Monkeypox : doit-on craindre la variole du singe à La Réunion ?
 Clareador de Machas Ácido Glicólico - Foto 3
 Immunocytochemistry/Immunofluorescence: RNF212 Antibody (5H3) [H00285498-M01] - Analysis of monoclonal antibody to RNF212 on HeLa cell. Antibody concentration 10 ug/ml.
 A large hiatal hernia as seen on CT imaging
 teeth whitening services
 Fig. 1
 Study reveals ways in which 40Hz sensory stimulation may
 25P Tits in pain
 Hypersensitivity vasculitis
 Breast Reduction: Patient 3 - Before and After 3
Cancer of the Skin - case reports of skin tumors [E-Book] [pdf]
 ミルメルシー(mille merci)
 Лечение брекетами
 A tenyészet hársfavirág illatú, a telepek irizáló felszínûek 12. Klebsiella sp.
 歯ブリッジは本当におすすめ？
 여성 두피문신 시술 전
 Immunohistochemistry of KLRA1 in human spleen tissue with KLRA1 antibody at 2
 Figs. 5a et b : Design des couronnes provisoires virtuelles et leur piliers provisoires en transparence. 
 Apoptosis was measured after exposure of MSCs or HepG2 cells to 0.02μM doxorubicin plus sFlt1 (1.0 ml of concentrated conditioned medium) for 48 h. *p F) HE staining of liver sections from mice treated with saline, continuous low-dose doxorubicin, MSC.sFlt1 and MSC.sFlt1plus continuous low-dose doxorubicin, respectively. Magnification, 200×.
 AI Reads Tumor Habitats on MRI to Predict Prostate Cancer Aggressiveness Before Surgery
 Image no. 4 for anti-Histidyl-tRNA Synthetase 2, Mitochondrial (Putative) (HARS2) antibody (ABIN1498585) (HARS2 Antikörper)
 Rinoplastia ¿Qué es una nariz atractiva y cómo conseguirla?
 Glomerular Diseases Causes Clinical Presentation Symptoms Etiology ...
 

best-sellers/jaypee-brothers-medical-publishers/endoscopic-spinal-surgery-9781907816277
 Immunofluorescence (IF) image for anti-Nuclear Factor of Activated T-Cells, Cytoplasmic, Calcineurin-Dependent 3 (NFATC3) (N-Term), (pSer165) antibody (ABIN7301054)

══════════

Your task: Reproduce each entry precisely, so that nothing differs from the original.

Task result:
Monkeypox : doit-on craindre la variole du singe à La Réunion ?
 Clareador de Machas Ácido Glicólico - Foto 3
 Immunocytochemistry/Immunofluorescence: RNF212 Antibody (5H3) [H00285498-M01] - Analysis of monoclonal antibody to RNF212 on HeLa cell. Antibody concentration 10 ug/ml.
 A large hiatal hernia as seen on CT imaging
 teeth whitening services
 Fig. 1
 Study reveals ways in which 40Hz sensory stimulation may
 25P Tits in pain
 Hypersensitivity vasculitis
 Breast Reduction: Patient 3 - Before and After 3
Cancer of the Skin - case reports of skin tumors [E-Book] [pdf]
 ミルメルシー(mille merci)
 Лечение брекетами
 A tenyészet hársfavirág illatú, a telepek irizáló felszínûek 12. Klebsiella sp.
 歯ブリッジは本当におすすめ？
 여성 두피문신 시술 전
 Immunohistochemistry of KLRA1 in human spleen tissue with KLRA1 antibody at 2
 Figs. 5a et b : Design des couronnes provisoires virtuelles et leur piliers provisoires en transparence. 
 Apoptosis was measured after exposure of MSCs or HepG2 cells to 0.02μM doxorubicin plus sFlt1 (1.0 ml of concentrated conditioned medium) for 48 h. *p F) HE staining of liver sections from mice treated with saline, continuous low-dose doxorubicin, MSC.sFlt1 and MSC.sFlt1plus continuous low-dose doxorubicin, respectively. Magnification, 200×.
 AI Reads Tumor Habitats on MRI to Predict Prostate Cancer Aggressiveness Before Surgery
 Image no. 4 for anti-Histidyl-tRNA Synthetase 2, Mitochondrial (Putative) (HARS2) antibody (ABIN1498585) (HARS2 Antikörper)
 Rinoplastia ¿Qué es una nariz atractiva y cómo conseguirla?
 Glomerular Diseases Causes Clinical Presentation Symptoms Etiology ...
 

best-sellers/jaypee-brothers-medical-publishers/endoscopic-spinal-surgery-9781907816277
 Immunofluorescence (IF) image for anti-Nuclear Factor of Activated T-Cells, Cytoplasmic, Calcineurin-Dependent 3 (NFATC3) (N-Term), (pSer165) antibody (ABIN7301054)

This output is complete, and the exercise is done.